▸ **Task prompt**: Repeat the following data exactly, omitting pictures.

▸ **Dataset excerpt**:
- - - -
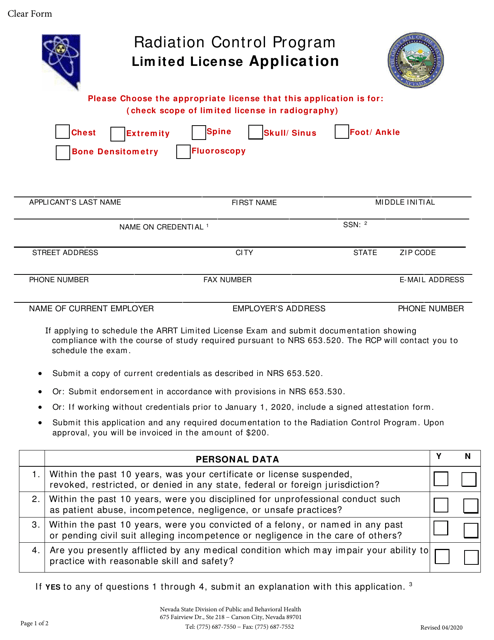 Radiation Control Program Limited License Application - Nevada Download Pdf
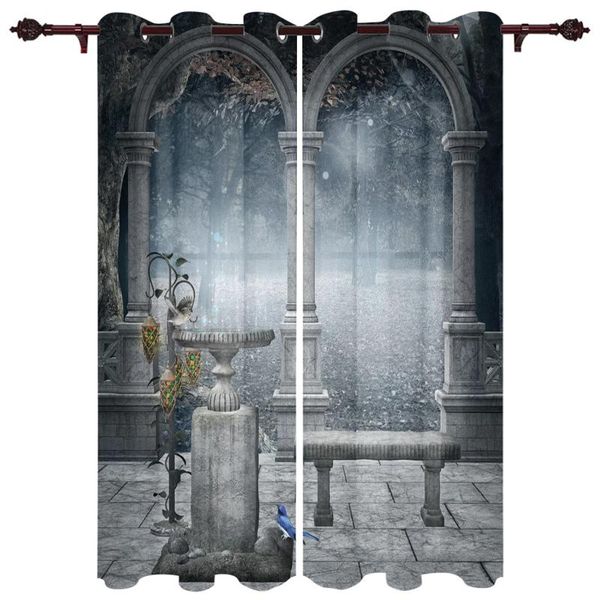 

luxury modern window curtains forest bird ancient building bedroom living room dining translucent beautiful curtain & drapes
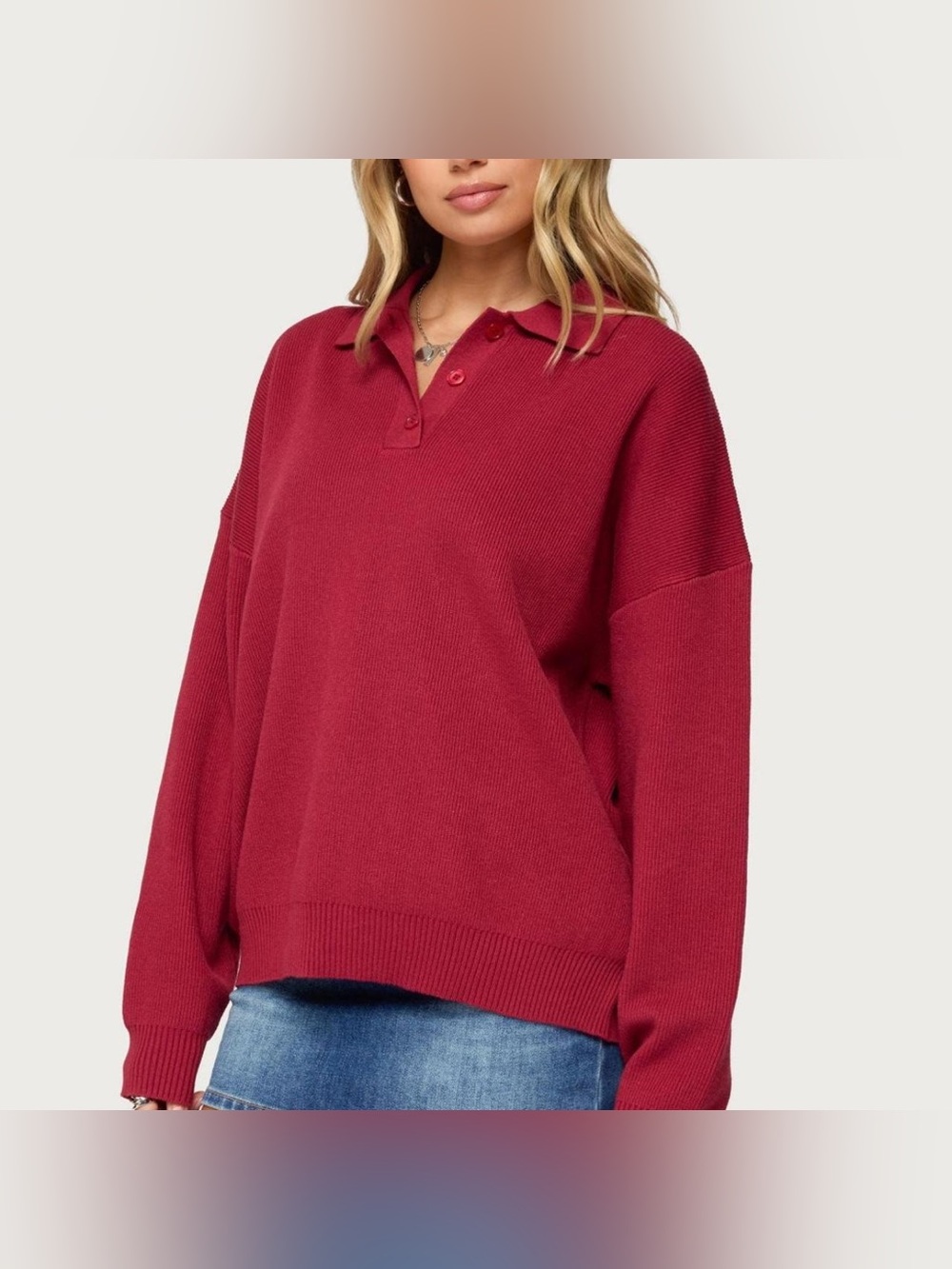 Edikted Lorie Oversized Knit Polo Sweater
- - - -
▸ **Final answer**:
 Radiation Control Program Limited License Application - Nevada Download Pdf

luxury modern window curtains forest bird ancient building bedroom living room dining translucent beautiful curtain & drapes
 Edikted Lorie Oversized Knit Polo Sweater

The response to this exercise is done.